Così come d’altra parte accade a noi quando ci lasciamo irretire dal peccato: esso, a prima vista, appare buono, gustoso, appetitoso, ma poi, una volta assaporato, comunica un senso di fallimento, di incompiutezza, di amaro. Chi fa o sceglie il male, inevitabilmente dal male viene rapito: il suo cuore si inaridisce, il suo sguardo si incupisce, le sue passioni si pervertono irrimediabilmente diventando tiranni esigenti ed insaziabili: non ci si accontenta mai, ci si illude di poter avere sempre di più, di godere e soddisfarsi sempre di più!
Gesù, dunque, vuol spiegarci che meretrici ed esattori delle tasse sono talmente conficcati nel cuneo d’ombra del male che non possono che rialzarsi e reagire a tale devastazione interiore. Per questo molti di loro si aggrappano a Gesù: perché è l’unico che mostra un po’ di amore e la possibilità di uscire da quelle situazioni così dolorose e umilianti. Coltivano nel profondo del cuore la nostalgia di una esistenza diversa, di una vita che faccia loro gustare relazioni piene, autentiche, gratuite.
I benpensanti, invece, - i capi dei sacerdoti e gli anziani del popolo destinatari di questa parabola – non si rendono conto di quanto sia pericoloso il peccato, di quanto scavi nel profondo lasciando scorie che difficilmente sono estirpabili se non attraverso un serio, puntuale e rigoroso cammino di purificazione e di conversione.
Gli interlocutori di Gesù partono svantaggiati rispetto a pubblicani e peccatori perché non sanno o non vogliono sapere di essere anch’essi schiavi del male. Essi credono che per essere a posto in coscienza basta semplicemente osservare alla lettera la legge ebraica, andare al tempio, compiere perfettamente i gesti liturgici, partecipare alla vita della comunità. Ma per Gesù non basta che si facciano delle cose: a lui non interessa che obliteriamo il biglietto, che ottemperiamo i nostri obblighi e doveri. A lui interessa che impariamo a fidarci di lui e ad amare Dio e i fratelli. Se precetti e comandamenti servono a questo bene, altrimenti è meglio fare altro…

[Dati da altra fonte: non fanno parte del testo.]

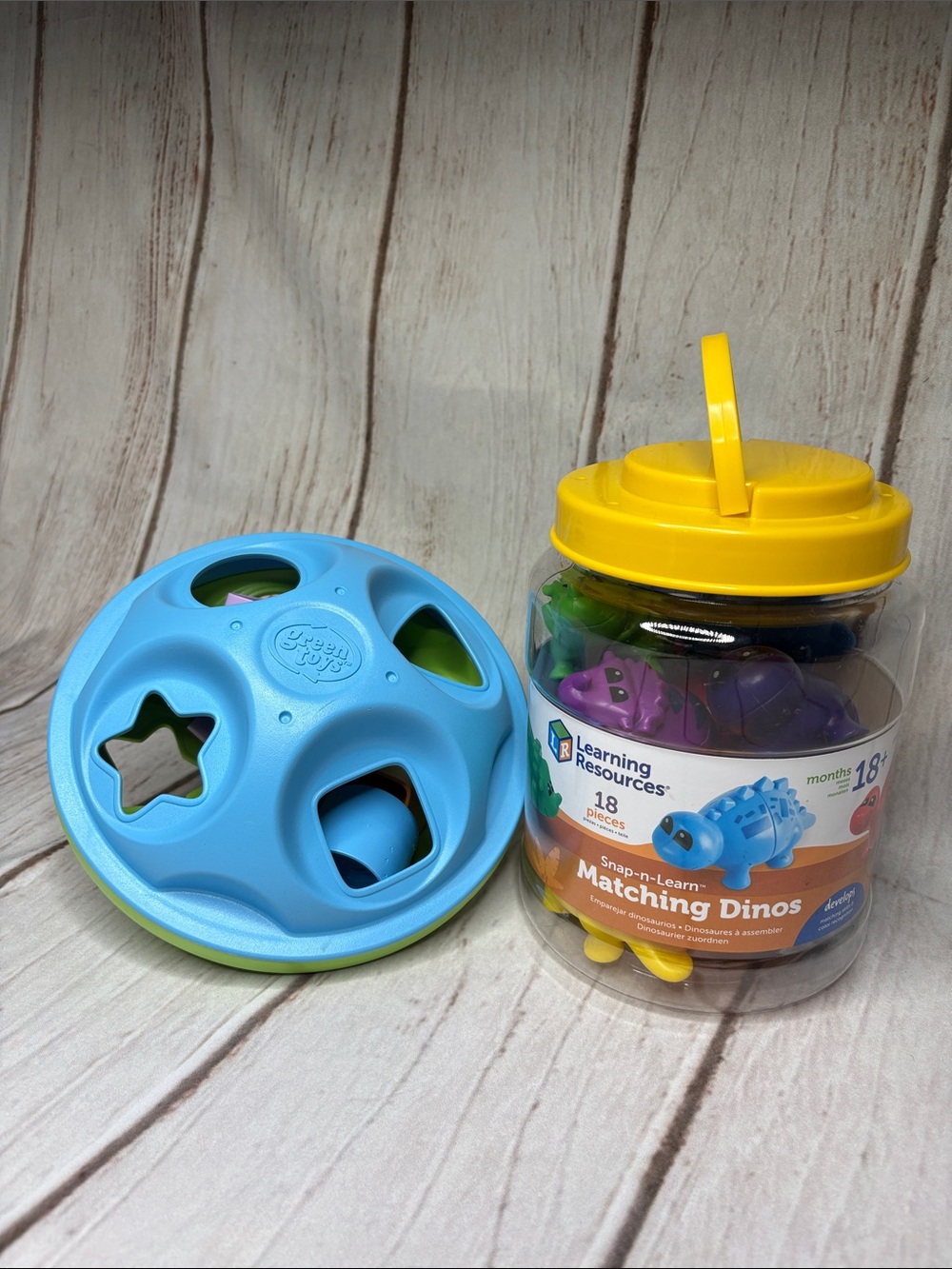 Bundle of 2 Toddler Learning Toys For Shapes & Colors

I benpensanti sono più ciechi dei pubblicani e delle prostitute, perché almeno quest’ultimi sono consapevoli che stanno sbagliando e ne stanno già pagando le conseguenze; gli altri, invece, pretendono di essere giusti e questa presunzione li rende arroganti, autosufficienti, arrivati! Credono che dicendo di “sì” con le labbra a Dio abbiamo già adempiuto al loro dovere. Ma a Dio del dovere non interessa nulla, perché il dovere presuppone un rapporto di sudditanza e anche un limite rispetto alle cose fare (una volta assolto il dovere non sono più tenuto ad altro!), mentre l’amore rivendica libertà e non ammette limiti. L’amore non ha barriere o recinti, non si compiace di regole e precetti, non pronuncia mai la parola “basta”, non è mai sazia del bene, del giusto e del bello. L’amore continuamente mette in discussione e in subbuglio il cuore; l’amore non si accontenta, non si assuefà, non si impigrisce, non si sclerotizza, non si lascia imbrigliare dalle apparenze, ma va alla radice profonda dell’essenza dell’uomo, della sua identità, dei suoi desideri e delle sue passioni più vere. Nell’amore c’è solo il “sì”, convinto, continuo, concreto!